Directions for this task.
Omit the images, then output each of the records below exactly.

Record set.

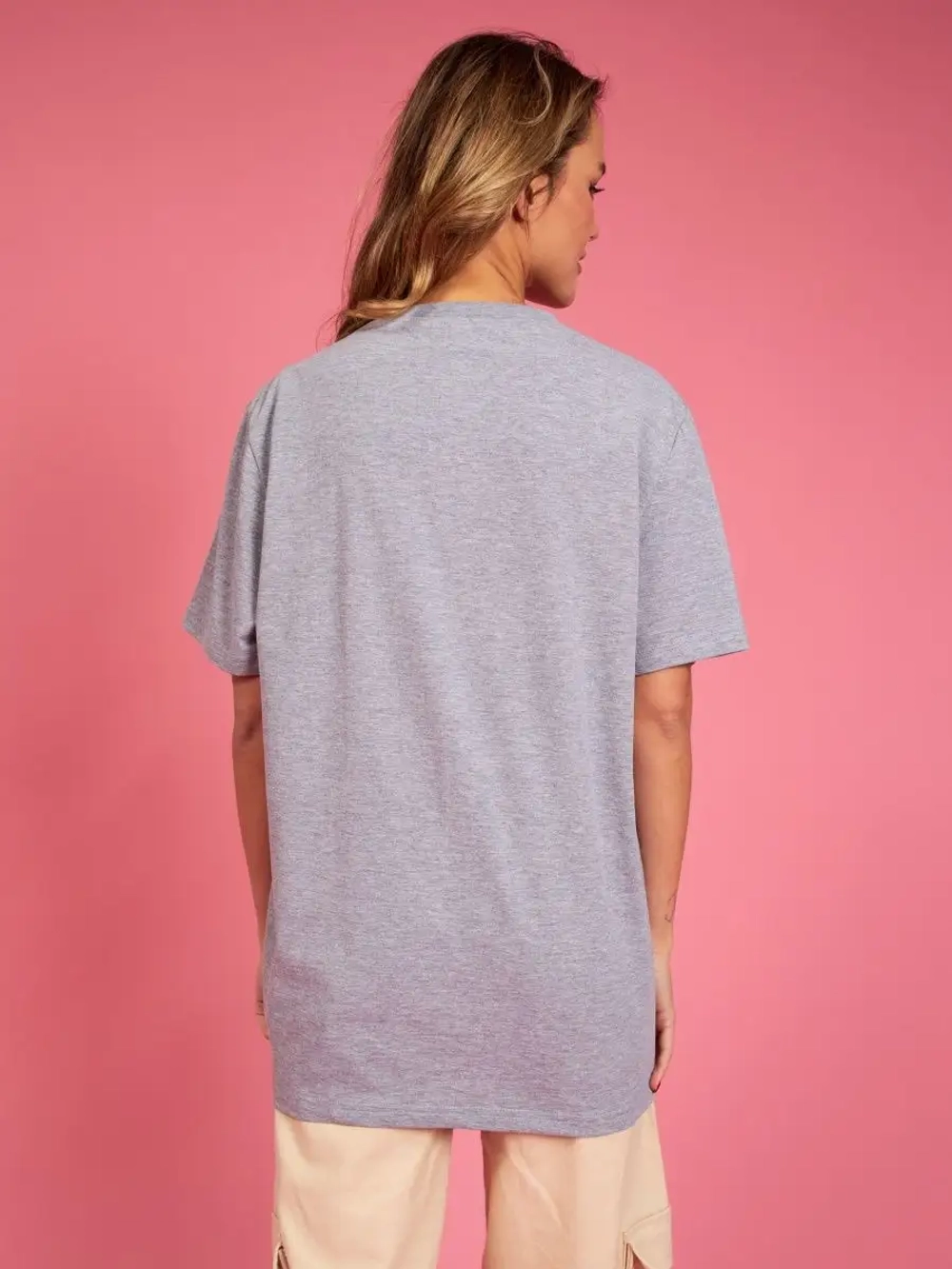 Футболка серая оверсайз с принтом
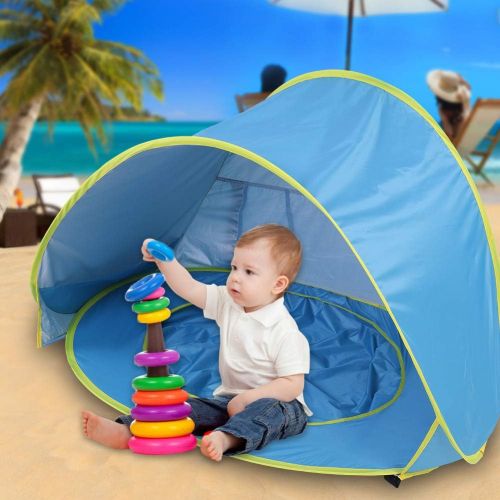  Ejoyous Baby Beach Tent with Pool, Portable Up Infant Beach Shade Canopy UV Protection Sun Shelter Waterproof Shade Pool for Outdoor Activities Beach Cam Hiking Traveling, Easy to Setup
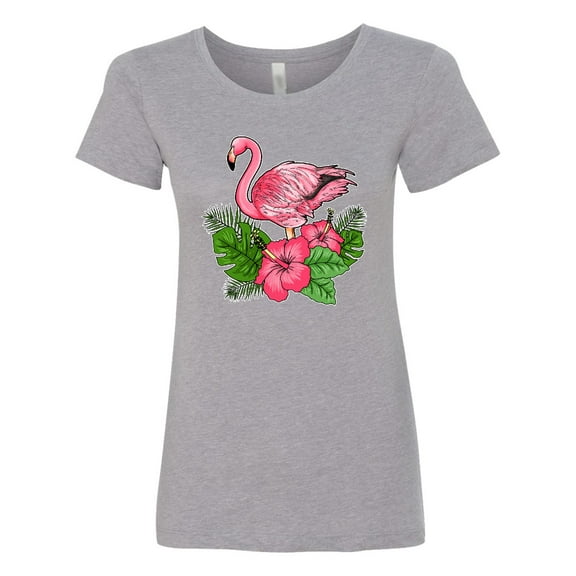 Inktastic Flamingo with Tropical Flowers Women's T-Shirt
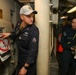 Sailors aboard the USS John Finn conduct an engineering team training drill in the Indian Ocean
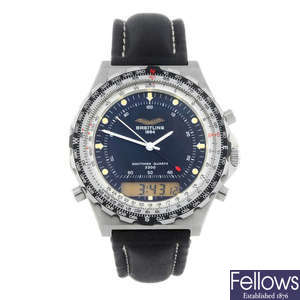 BREITLING - a gentleman's Iraqi Airforce issue stainless steel Navitimer Jupiter Pilot wrist watch.
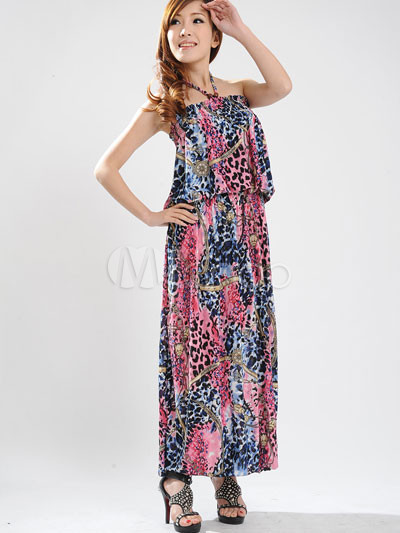 Red Halter Floral Cotton Polyester Womens Maxi Dress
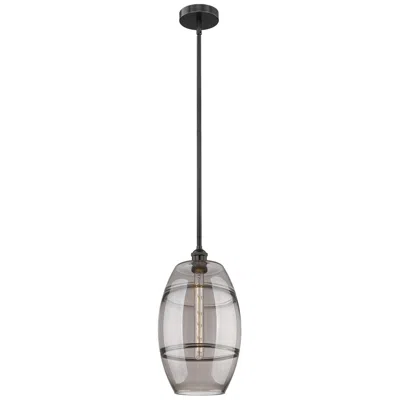 Innovations Lighting Edison Vaz 10" Wide Matte Black Stem Hung Mini Pendant W/ Light Smoke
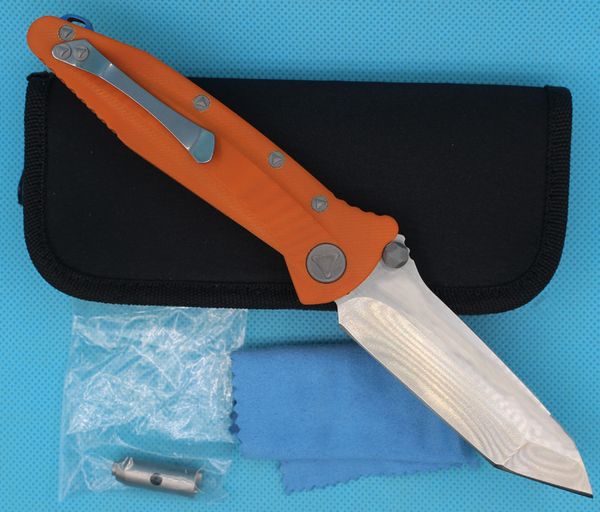 Coltello pieghevole Orange Delta Force Survival di alta qualità D2 Satin Tanto Blade Cuscinetto a sfera Coltelli tattici da campeggio all'aperto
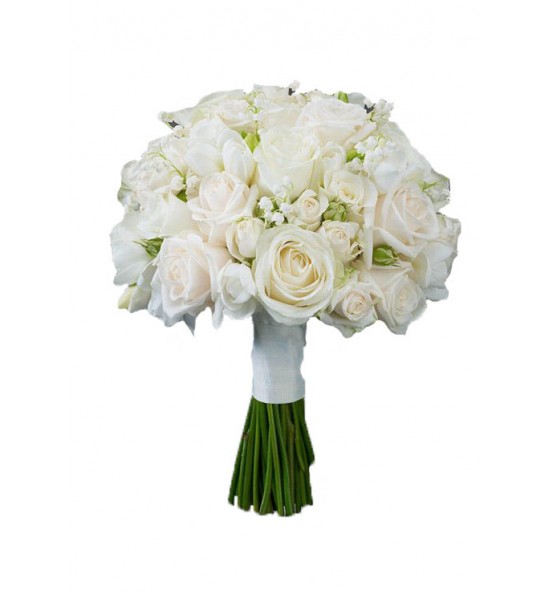 Buchet de trandafiri albi pentru domnisoare de onoare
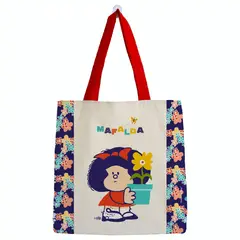 GENERICO - Bolsa de Algodón Mediana Mafalda con la plantita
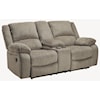 Signature Design by Ashley Draycoll Double Reclining Loveseat w/ Console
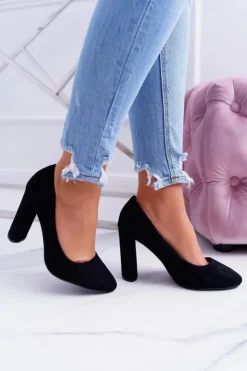 Damskie Boto Damskie Czółenka Na Słupku Zamszowe Czarne Verdi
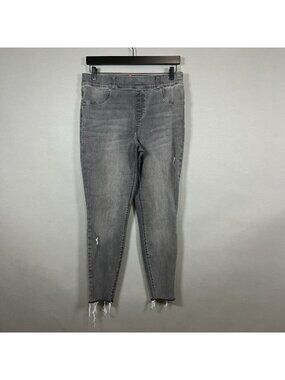 Spanx Jeans Gray Skinny Raw Hem Distressed Ankle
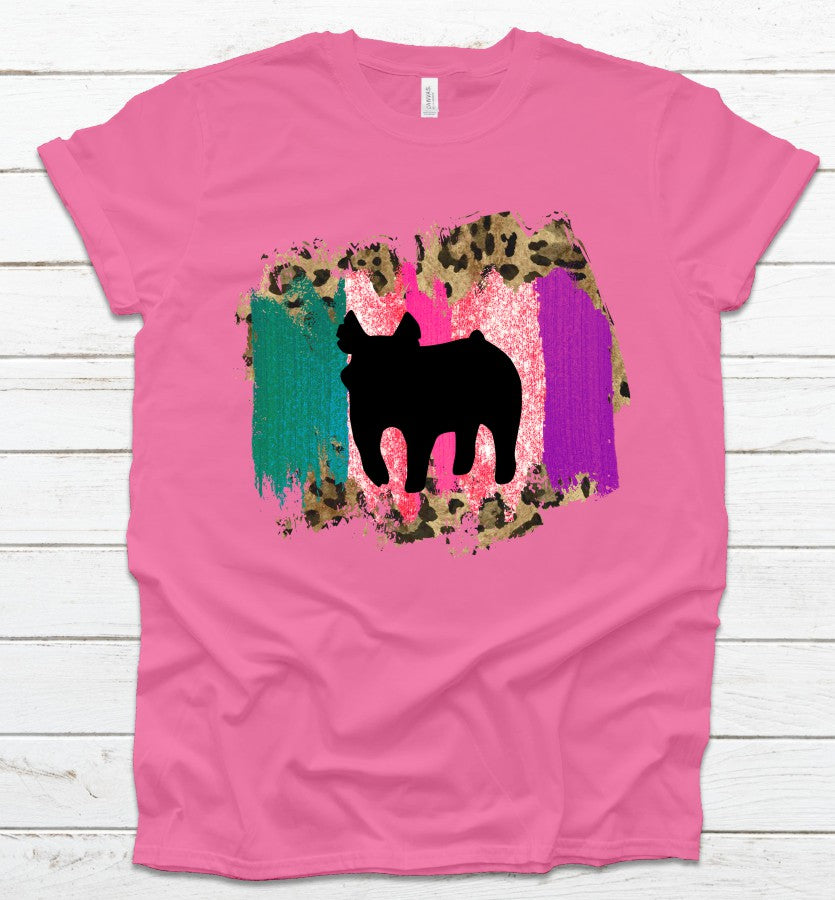 Show Pig Stripe Leopard Showing T-Shirt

Answer to the problem.
 Футболка серая оверсайз с принтом
  Ejoyous Baby Beach Tent with Pool, Portable Up Infant Beach Shade Canopy UV Protection Sun Shelter Waterproof Shade Pool for Outdoor Activities Beach Cam Hiking Traveling, Easy to Setup
 Inktastic Flamingo with Tropical Flowers Women's T-Shirt
 Sailors aboard the USS John Finn conduct an engineering team training drill in the Indian Ocean
 BREITLING - a gentleman's Iraqi Airforce issue stainless steel Navitimer Jupiter Pilot wrist watch.
 Red Halter Floral Cotton Polyester Womens Maxi Dress
 Innovations Lighting Edison Vaz 10" Wide Matte Black Stem Hung Mini Pendant W/ Light Smoke
 Coltello pieghevole Orange Delta Force Survival di alta qualità D2 Satin Tanto Blade Cuscinetto a sfera Coltelli tattici da campeggio all'aperto
 Buchet de trandafiri albi pentru domnisoare de onoare
 GENERICO - Bolsa de Algodón Mediana Mafalda con la plantita
 Signature Design by Ashley Draycoll Double Reclining Loveseat w/ Console
 Damskie Boto Damskie Czółenka Na Słupku Zamszowe Czarne Verdi
 Spanx Jeans Gray Skinny Raw Hem Distressed Ankle
 Show Pig Stripe Leopard Showing T-Shirt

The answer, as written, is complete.